Six months after star AI ethics researcher Timnit Gebru said Google fired her over an academic paper scrutinizing a technology that powers some of the company's key products, the company says it's still deeply committed to ethical AI research. It promised to double its research staff studying responsible AI to 200 people, and CEO Sundar Pichai has pledged his support to fund more ethical AI projects. Jeff Dean, the company's head of AI, said in May that while the controversy surrounding Gebru's departure was a "reputational hit," it's time to move on.
But some current members of Google's tightly knit ethical AI group told Recode the reality is different from the one Google executives are publicly presenting. The 10-person group, which studies how artificial intelligence impacts society, is a subdivision of Google's broader new responsible AI organization. They say the team has been in a state of limbo for months, and that they have serious doubts company leaders can rebuild credibility in the academic community — or that they will listen to the group's ideas. Google has yet to hire replacements for the two former leaders of the team.

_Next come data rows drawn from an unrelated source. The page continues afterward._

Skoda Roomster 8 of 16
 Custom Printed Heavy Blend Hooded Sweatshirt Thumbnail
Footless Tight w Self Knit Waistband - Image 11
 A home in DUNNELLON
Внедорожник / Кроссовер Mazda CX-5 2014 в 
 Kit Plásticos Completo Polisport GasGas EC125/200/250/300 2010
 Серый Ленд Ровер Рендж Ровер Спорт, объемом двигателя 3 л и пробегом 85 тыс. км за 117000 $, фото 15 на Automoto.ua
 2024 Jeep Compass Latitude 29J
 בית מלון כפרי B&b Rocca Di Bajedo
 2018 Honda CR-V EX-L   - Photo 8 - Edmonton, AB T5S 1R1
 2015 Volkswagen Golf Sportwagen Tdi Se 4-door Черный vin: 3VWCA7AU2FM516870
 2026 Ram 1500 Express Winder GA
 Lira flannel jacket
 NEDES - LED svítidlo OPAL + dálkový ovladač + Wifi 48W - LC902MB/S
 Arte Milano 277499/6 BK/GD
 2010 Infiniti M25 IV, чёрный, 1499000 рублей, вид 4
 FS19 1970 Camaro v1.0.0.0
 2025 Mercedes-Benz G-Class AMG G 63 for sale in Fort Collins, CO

Many members feel so adrift that they convene daily in a private messaging group to complain about leadership, manage themselves on an ad-hoc basis, and seek guidance from their former bosses. Some are considering leaving to work at other tech companies or to return to academia, and say their colleagues are thinking of doing the same.
"We want to continue our research, but it's really hard when this has gone on for months," said Alex Hanna, a researcher on the ethical AI team. Despite the challenges, Hanna added, individual researchers are trying to continue their work and effectively manage themselves — but if conditions don't change, "I don't see much of a path forward for ethics at Google in any kind of substantive way."
A spokesperson for Google's AI and research department declined to comment on the ethical AI team.